Honduras coloca 80% de seu território em estado de alerta devido ao agravamento da seca
O governo de Honduras colocou cerca de 80% do país em estado de alerta devido à escassez de água, que ameaça o abastecimento de várias comunidades, além de lavouras e pecuária. A previsão é que a situação se agrave ainda mais nos próximos meses em decorrência do fenômeno climático El Niño.
Com 80% do território em alerta devido a uma grave seca, Honduras enfrenta forte escassez hídrica, perda de lavouras e morte de gado. Para mitigar os impactos na população e conter a insegurança alimentar, a ONU liberou fundos milionários de assistência aos municípios mais críticos. A crise de desabastecimento já atinge diversas regiões, incluindo a capital, e tende a se agravar até o final do ano com a intensificação do fenômeno El Niño na América Central.
Marie Griffon, correspondente da RFI em Tegucigalpa
A seca continua a se espalhar pela América Central. Para lidar com a situação em Honduras, o escritório da ONU no país liberou dezenas de milhões de dólares para diferentes cidades, incluindo a capital Tegucigalpa, informaram os jornais locais.
"Nas Nações Unidas, estamos trabalhando em coordenação com os governos municipais. Lançamos um pacote de ajuda no valor de US$ 62 milhões para assistir 33 municípios, sendo que 11 deles constam na lista dos 75 que estão atualmente em estado de emergência", explicou o representante da ONU no país, Alejandro Álvarez, durante o Congresso de Segurança Alimentar no parlamento hondurenho.
Embora o pico seja esperado entre outubro e dezembro, a situação já é extremamente preocupante no "Corredor Seco" - uma região que se estende do centro ao sul de Honduras - , onde a falta de chuvas ameaça diretamente a agricultura e a pecuária. As plantações estão sofrendo, e o gado está morrendo de fome e de sede.
"Já perdi seis vacas. Pode ser catastrófico. Tememos que isso continue e que nossos animais morram por falta de comida e água", diz Maria Ponce, uma agricultora dessa zona árida.
A escassez pode ser agravada pelo El Niño.
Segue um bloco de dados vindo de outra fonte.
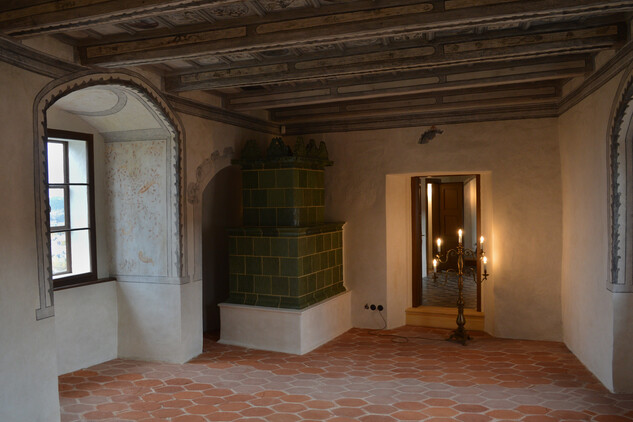 Vrchol budoucí prohlídkové trasy – místnost s restaurovaným záklopovým stropem. Restaurovány však byly také výmalby ve špaletách oken, byla doplněna podlaha a postavena kopie renesančních kachlových kamen.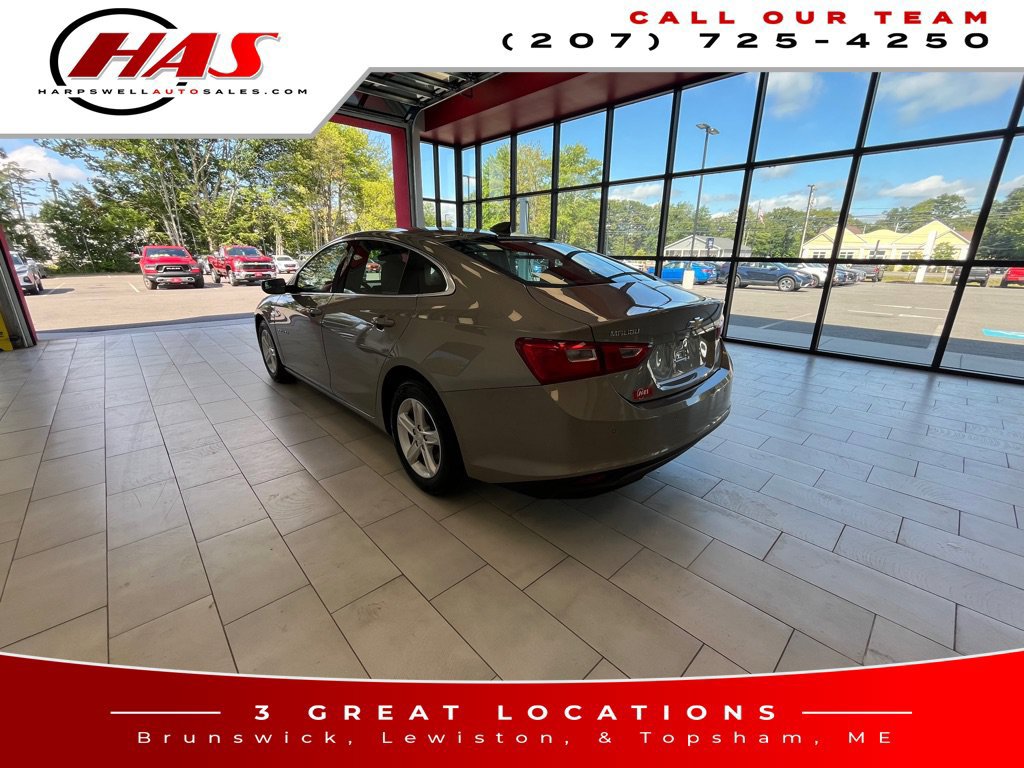 Used 2022 Chevrolet Malibu LS w/ Driver Confidence Package II FWD image 3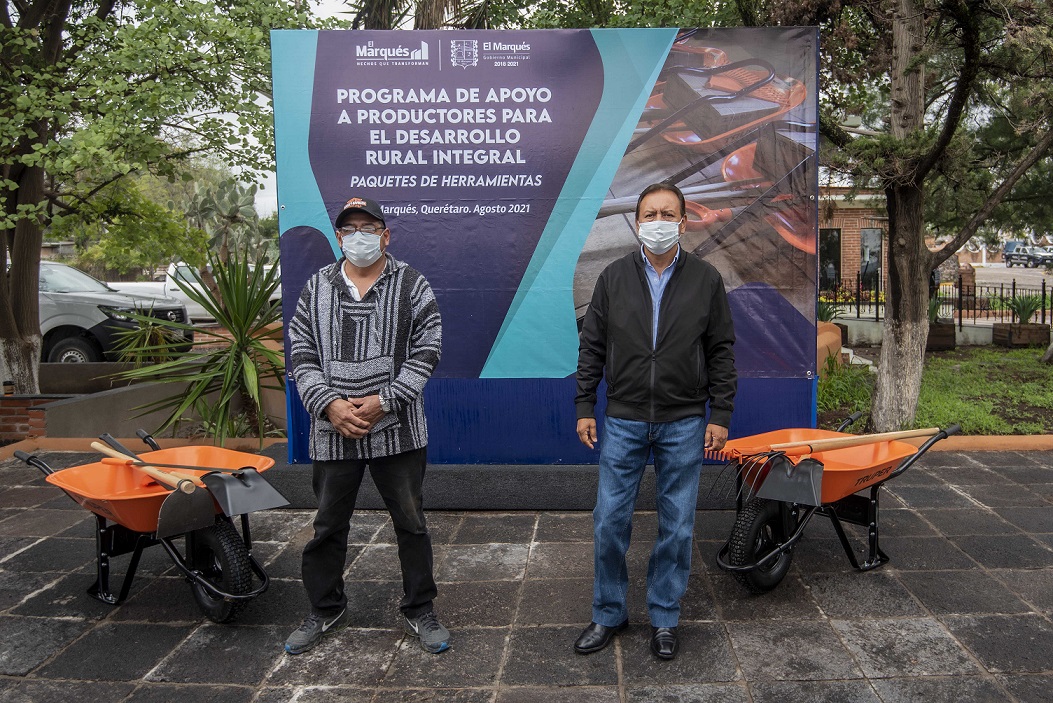 El Marqués entrega herramientas a productores agrícolas y ganaderos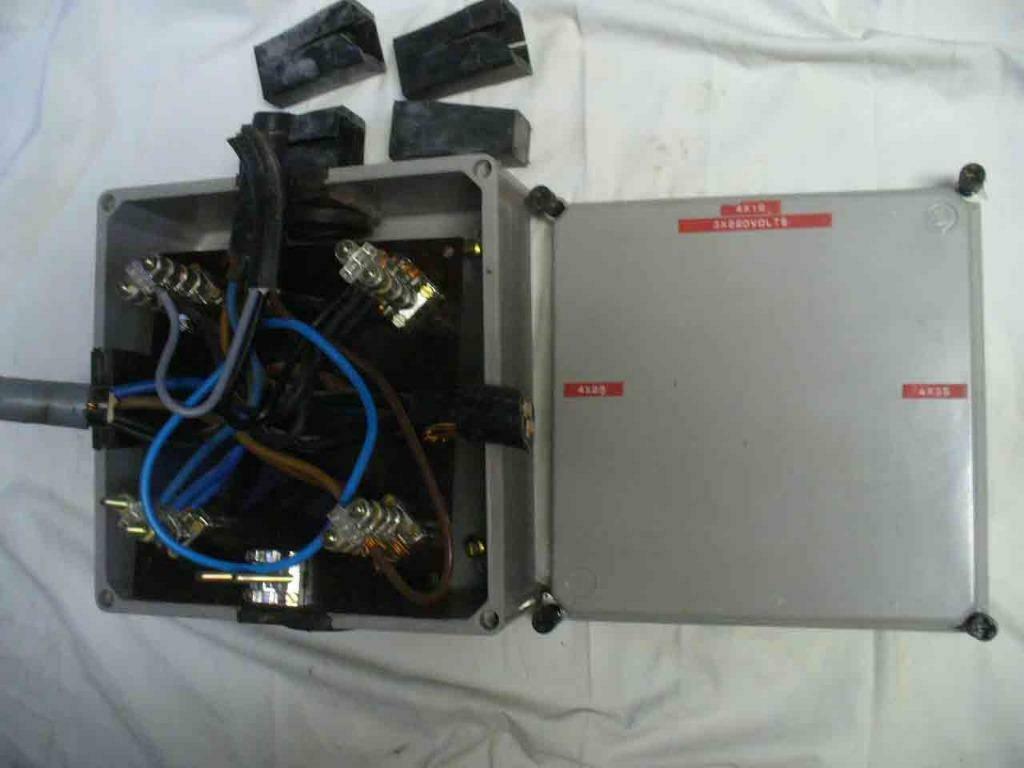 coffret étanche de liaisons;  borniers pour câbles 4 x 35², Bricolage & Construction, Électricité & Câbles, Enlèvement ou Envoi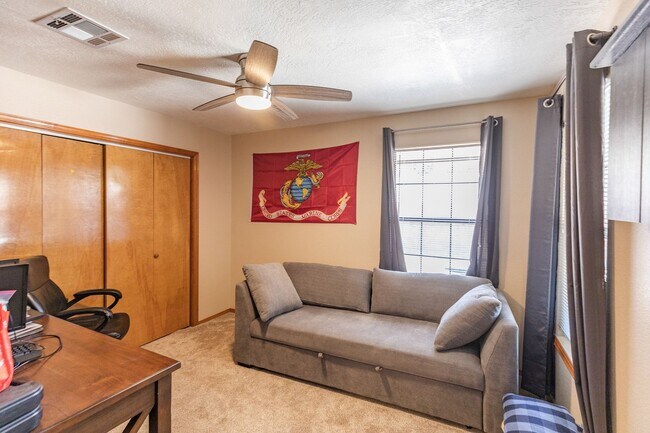 Building Photo - Beautiful 4 Bedroom 2 Bath Home!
Esse fenômeno climático, que ocorre em intervalos de dois a sete anos, caracteriza-se por temperaturas da água acima da média na porção oriental do Pacífico Sul. Desde que retornou este ano, em maio, as temperaturas da superfície do mar continuaram a subir, gerando consequências graves.
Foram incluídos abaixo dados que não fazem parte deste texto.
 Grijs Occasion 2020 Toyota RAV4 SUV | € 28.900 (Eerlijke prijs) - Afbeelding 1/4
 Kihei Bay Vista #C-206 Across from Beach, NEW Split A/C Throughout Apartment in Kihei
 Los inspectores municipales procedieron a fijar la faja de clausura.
ONU dona más de 80 millones de dólares para combatir la sequía en Hondurashttps://t.co/8JMj1TEXsT pic.twitter.com/hphKumm23M
— Congreso Nacional de Honduras (@hn_congreso) August 19, 2026
"Mais preocupados a cada dia"
A crise também afeta a população em geral, particularmente em vários povoados nos arredores de Tegucigalpa. Alguns moradores enfrentam interrupções no abastecimento de água que podem durar dias.
"A água que vem das nascentes está quase acabando. Resta muito pouco, e ficamos mais preocupados a cada dia", explica Diego, morador local que relata ter ficado doze dias sem abastecimento em casa. Ele teme especialmente as consequências para a saúde caso a água se torne imprópria para consumo.
Em resposta à situação, o governo planeja distribuir água e perfurar novos poços. No entanto, a crise deve persistir: meteorologistas preveem que a seca se agravará devido ao El Niño, que pode ser o mais intenso da história.
O Programa Mundial de Alimentos da ONU, por exemplo, estimou recentemente que a América Central "provavelmente será a região mais afetada em termos de aumento relativo da insegurança alimentar" devido ao fenômeno climático.